Special emphasis was declared on very large networks, as those used by the “top ten”
supercomputers. In addition, contributions to the design of algebraic error-correcting codes were
envisaged due to their intrinsic topological nature.
4. Architectural proposals. The proposals of complete network and router architectures
constitute another goal of this project. First, the topic of fault-tolerance was considered as a critical
one for forthcoming network technologies. In addition, routing and deadlock avoidance were
included as research topics. The design of scalable high-performance routers was considered as
another important issue. Special emphasis was also declared on small size networks for current
multi-core on-chip architectures and big networks for high-end supercomputers. Finally, the
architecture of network interfaces was also considered as another research goal of the project.
5. Parallel Applications. The targets around this research line were related to the parallelization of
scientific codes which requires high computational power. Two application suites were considered.
The first one is based on a set of bio-inspired algorithms denoted as Estimation of Distribution
Algorithms. The second one is a physics application devoted to the search of the Higgs boson based
on artificial neural networks. Clusters and Grid computing were declared as target platforms to run
the resulting parallel codes. In addition, load monitoring and load modeling were announced as
other research topics of the project.
2. Project Achievements
2.1. Simulation Tools
Supporting the advances in the other project goals, a complete evaluation framework has been
developed and maintained.

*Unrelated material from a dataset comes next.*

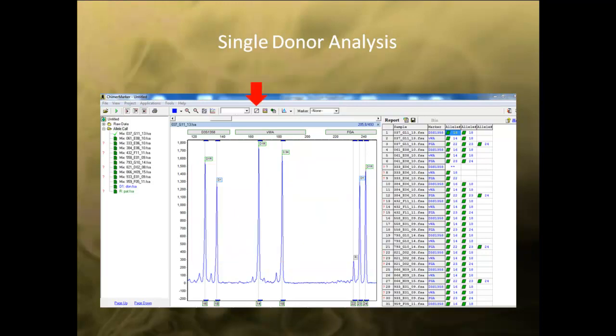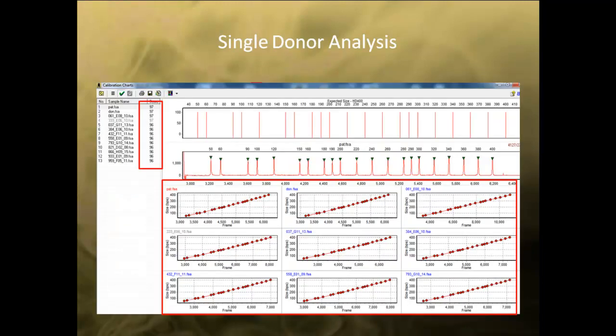You can click on the icon shown here to access the size calibration chart. The size call quality score for each sample is shown on the left, and the calibration charts are shown at the bottom. If a chart shows a linear line, it means that the size calling was good. These files are all in a linear range for size calling. If the size call for a sample needs to be recalibrated, details of the process are found in the Help menu and in Chapter 5 of the User Manual.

Currently, we are working in two main simulation platforms, SICOSYS
(Simulator of Communicating Systems) and INSEE (Interconnection Network Simulation and
TIN2004-07440-C02
Evaluation Environment), and around these tools we have a complex infrastructure that allows us
to evaluate different interconnection network usage scenarios.
SICOSYS was initially planned, almost 10 years ago, trying to achieve the precision of hardware
simulators with much lower computational effort. In order to be able to analyze current proposals,
the simulator is under continuous development. The tool has more than 80.000 of C++ code. Its
flexible software design has made possible to use a coherent tool for very different scenarios by
different researchers without problems.
The main new features added to the tool support the analysis of fault-tolerant techniques in the
interconnection network; in addition, the simulator is able to report power consumption measures.
Besides, different architectural router proposals have been added to the simulator.
SICOSYS has been optimized to expand its scalability to current computing infrastructures.
Nowadays, commercial multi-core processors have made possible to acquire affordable small scale
SMP systems. Our computing infrastructure follows this trend. In order to evaluate different
architectural proposals employing HTC (High Throughput Computing), large amounts of DRAM
are required which can increase the infrastructure cost dramatically. To mitigate this drawback, we
have parallelized SICOSYS. Now, it is possible to run efficiently one simulation with 2 to 4 threads
per computing node. We have improved the answer time for multi-billion cycle simulations being
able to simulate very large networks without reduce the original tool accuracy [1].
SICOSYS has been designed with a functional interface to external simulators. In the past, that
interface was used with execution-driven simulators like Rsim and SimOS. Now, we have added
GEMS (General Execution-driven Multiprocessor Simulator). GEMS is able to run unmodified
Solaris®8/9/10 software on top of simulated state-of-the art superscalar processor with a complex
memory hierarchy and using SICOSYS as the interconnection network simulator. The tool relies in
SIMICS® to simulate the full system activity, including I/O. Consequently, now we have a
complete framework to perform full-system simulation with precise processor/memory/network
details. Using the complete tool, we are able to evaluate OS dependent workloads such as
transactional or commercial applications whit a high level of confidence. Moreover, the
development of new benchmarks has been greatly simplified. GEMS is an actively supported tool
by the group of Prof. Mark D.Hill at the University of Wisconsin-Madison, with more than one
hundred of registered users. Many multiprocessor researches use this tool in their recent papers.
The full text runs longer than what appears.